#### EXTRACTED DATA:
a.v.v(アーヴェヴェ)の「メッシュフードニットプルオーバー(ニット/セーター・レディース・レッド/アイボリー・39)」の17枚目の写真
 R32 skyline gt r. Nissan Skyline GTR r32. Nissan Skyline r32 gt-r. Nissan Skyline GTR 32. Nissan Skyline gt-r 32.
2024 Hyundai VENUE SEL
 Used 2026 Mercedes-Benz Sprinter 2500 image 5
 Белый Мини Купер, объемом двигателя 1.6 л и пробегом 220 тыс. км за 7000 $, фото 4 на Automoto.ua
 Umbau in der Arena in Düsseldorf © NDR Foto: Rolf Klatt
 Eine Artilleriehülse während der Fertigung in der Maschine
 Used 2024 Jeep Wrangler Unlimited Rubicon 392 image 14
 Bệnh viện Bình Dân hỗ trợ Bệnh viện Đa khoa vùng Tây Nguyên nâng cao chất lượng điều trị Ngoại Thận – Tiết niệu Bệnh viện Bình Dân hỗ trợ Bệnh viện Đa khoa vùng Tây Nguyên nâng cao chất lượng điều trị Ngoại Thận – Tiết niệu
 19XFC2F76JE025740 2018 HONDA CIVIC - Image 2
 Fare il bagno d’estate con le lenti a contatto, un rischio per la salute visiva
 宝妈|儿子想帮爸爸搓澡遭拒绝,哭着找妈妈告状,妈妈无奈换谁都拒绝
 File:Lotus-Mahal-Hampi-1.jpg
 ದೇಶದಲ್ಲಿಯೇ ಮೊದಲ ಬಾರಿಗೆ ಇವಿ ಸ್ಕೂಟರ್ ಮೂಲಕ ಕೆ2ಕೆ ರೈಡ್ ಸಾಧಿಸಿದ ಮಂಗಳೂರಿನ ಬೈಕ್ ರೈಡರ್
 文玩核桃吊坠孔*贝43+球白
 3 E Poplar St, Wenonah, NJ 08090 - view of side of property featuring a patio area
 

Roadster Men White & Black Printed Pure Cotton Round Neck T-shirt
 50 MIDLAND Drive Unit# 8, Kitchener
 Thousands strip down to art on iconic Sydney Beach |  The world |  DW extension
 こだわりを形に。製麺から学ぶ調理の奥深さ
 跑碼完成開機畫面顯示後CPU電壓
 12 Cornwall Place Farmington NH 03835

#### WHAT IS REQUIRED:
Look back at the data above. Transcribe exactly the lines starting at the line that contains "宝妈|儿子想帮爸爸搓澡遭拒绝,哭着找妈妈告状,妈妈无奈换谁都拒绝" and ending at the line that contains "3 E Poplar St, Wenonah, NJ".

#### REPLY:
 宝妈|儿子想帮爸爸搓澡遭拒绝,哭着找妈妈告状,妈妈无奈换谁都拒绝
 File:Lotus-Mahal-Hampi-1.jpg
 ದೇಶದಲ್ಲಿಯೇ ಮೊದಲ ಬಾರಿಗೆ ಇವಿ ಸ್ಕೂಟರ್ ಮೂಲಕ ಕೆ2ಕೆ ರೈಡ್ ಸಾಧಿಸಿದ ಮಂಗಳೂರಿನ ಬೈಕ್ ರೈಡರ್
 文玩核桃吊坠孔*贝43+球白
 3 E Poplar St, Wenonah, NJ 08090 - view of side of property featuring a patio area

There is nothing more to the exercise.